Liana, d’autres femmes – la première épouse de l’écrivain, décédée en laissant derrière elle un journal intime empli des récits des mauvais traitements qu’elle a reçus ; son ancienne maîtresse Marion, esquintée elle aussi, que Harry ira voir à New York ; la petite armée des femmes de ménage venues des quartiers très défavorisés du village voisin et qui s’activent dans la maison de Mamoon et Liana ; ou encore Alice, la blonde fiancée de Harry – jouent des rôles tout ensemble secondaires et déterminants dans le duel que se livrent, tout au long du roman, Mamoon et Harry. D’un côté, le vieux renard Mamoon, intellectuel brillant autant que provocateur et Minotaure usé, en quête d’un hypothétique réveil de sa libido autrefois véhémente, cette énergie vitale qui a produit une œuvre admirable et une cohorte de victimes féminines. De l’autre, Harry, l’agneau qui, au fil du combat engagé avec son aîné, se révèle avoir un potentiel – et un taux de testostérone… – de jeune loup.
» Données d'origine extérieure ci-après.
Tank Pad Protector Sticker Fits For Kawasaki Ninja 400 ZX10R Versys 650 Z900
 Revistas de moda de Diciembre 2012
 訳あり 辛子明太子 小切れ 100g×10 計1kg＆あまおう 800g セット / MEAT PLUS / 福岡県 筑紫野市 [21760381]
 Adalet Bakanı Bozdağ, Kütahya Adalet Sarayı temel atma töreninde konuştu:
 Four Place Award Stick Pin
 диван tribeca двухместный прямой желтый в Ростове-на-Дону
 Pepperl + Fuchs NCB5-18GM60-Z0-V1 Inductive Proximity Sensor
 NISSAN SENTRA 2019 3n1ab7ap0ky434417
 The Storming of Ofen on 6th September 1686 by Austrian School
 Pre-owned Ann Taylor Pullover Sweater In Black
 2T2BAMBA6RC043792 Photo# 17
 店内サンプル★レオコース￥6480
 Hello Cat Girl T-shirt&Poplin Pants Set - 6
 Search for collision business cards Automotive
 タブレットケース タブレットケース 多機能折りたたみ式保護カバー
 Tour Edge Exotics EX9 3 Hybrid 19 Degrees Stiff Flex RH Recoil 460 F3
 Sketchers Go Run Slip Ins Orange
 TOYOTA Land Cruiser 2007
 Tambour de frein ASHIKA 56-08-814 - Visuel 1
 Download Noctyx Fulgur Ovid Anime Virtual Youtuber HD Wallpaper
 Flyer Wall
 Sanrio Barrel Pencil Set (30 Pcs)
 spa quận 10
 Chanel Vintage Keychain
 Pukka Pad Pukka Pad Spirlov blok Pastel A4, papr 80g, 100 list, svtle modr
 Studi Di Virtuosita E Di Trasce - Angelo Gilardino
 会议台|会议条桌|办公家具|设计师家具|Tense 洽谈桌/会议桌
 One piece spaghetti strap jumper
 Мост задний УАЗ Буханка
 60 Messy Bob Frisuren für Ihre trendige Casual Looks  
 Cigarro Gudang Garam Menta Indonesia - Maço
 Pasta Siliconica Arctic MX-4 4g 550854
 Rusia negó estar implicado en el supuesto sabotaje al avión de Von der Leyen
« J’aimerais bien que vous arrêtiez de m’éplucher comme si j’étais un oignon. Vous savez, comme tout le monde, j’ai une passion pour l’ignorance. J’ai envie de travailler dans l’obscurité : c’est le meilleur endroit pour moi, pour n’importe quel artiste », se plaint Mamoon à Harry. Lequel, admiratif dans un premier temps, puis confronté aux dé­robades de l’écrivain, ébranlé par les témoignages des femmes qui l’ont ­aimé et en ont payé chèrement le prix, immergé aussi dans la rivalité mas­culine grandissante qui l’oppose au vieil homme, développe peu à peu la conviction que, autant que les actes remarquables accomplis, « ce sont les trivialités qui font l’homme » et conçoit dès lors la biographie comme « une entreprise de désillusion » : « Vous pensez apprécier tel écrivain ? Mais regardez comment il traite sa femme, ses enfants, ses maîtresses. Il aimait même les hommes. Détestez-le. Détestez son oeuvre. […] Désormais il n’y avait plus qu’une question qui vaille : qu’est-ce que l’on peut pardonner aux autres ? Jusqu’où peuvent-ils aller sans que l’on cesse de croire en eux ? »

Le ton du Dernier Mot est de bout en bout celui de la comédie intime, sociale – souvent grinçante, parfois très émouvante –, mais les thèmes qu’il brasse sont nombreux et subtils. Quel rapport l’écriture entretient-elle avec la vie ? A quelles sources secrètes l’écrivain puise-t-il pour composer son œuvre ? Peut-on prétendre connaître un autre mieux qu’il ne se connaît lui-même ? « Je serai toujours l’inconnue de votre livre », susurre Mamoon à son biographe…

Bio express
1954 Naissance dans le Kent, de mère anglaise et de père pakistanais.
1985 Scénario de My Beautiful Laundrette, de Stephen Frears.
1990 Parution de son premier roman, Le Bouddha de banlieue.
1998 Intimité.
2004 Contre son cœur.
2008 Quelque chose à te dire.
2013
Scénario d’Un week-end à Paris, de Roger Michell (en salles en mars).